During 2013, the recent acquisition of TRP contributed $66.5 million in sales and $10.9 million of income from operations to the Company's Asia operating segment. Sales in the Company's Europe operating segment were favorably impacted by the acquisitions of Fibreco and Bel Power Europe which occurred in the second half of 2012. During 2013 and 2012, Fibreco and Bel Power Europe contributed combined revenues of $10.7 million and $3.1 million, respectively, and combined operating income of $1.7 million and $0.3 million, respectively, to the Company's Europe operating segment. The decrease in sales in North America primarily related to reduced demand in 2013 for Bel's module products which are manufactured in China. Thus, the decrease in North American sales caused a corresponding decrease in intersegment sales of module products from Asia to North America. North America sales and income from operations were also impacted by the transition of the operations of Cinch's manufacturing facility in Vinita, Oklahoma to Reynosa, Mexico and a new manufacturing facility in McAllen, Texas. Manufacturing inefficiencies resulted in reduced production levels and lower overall sales of Cinch products. In addition, various other costs associated with the Cinch reorganization further reduced our income from operations in North America.
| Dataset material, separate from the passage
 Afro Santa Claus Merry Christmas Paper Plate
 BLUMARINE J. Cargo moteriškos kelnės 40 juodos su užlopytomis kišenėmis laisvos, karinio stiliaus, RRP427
The decreases noted in North America sales were partially offset by $2.1 million of new sales volume related to the acquisition of Array in late August 2013.

See Note 12 of the notes to consolidated financial statements contained in this Annual Report on Form 10-K for additional segment disclosures.

Our 2013 Results

Sales for 2013 increased by 21.8% to a record $349.2 million from $286.6 million for 2012. Bel's operating profit for 2013 was $15.0 million as compared to $1.7 million reported for 2012. This increase was primarily due to the results of the recent acquisitions and increased demand for legacy-Bel ICMs, which lead to higher efficiency and absorption of fixed costs at the manufacturing facilities in the PRC. These were partially offset by restructuring charges of $1.4 million. Net earnings were $15.9 million for 2013 as compared to $2.4 million for 2012. Additional details related to these factors affecting the 2013 results are described in the Results of Operations section below.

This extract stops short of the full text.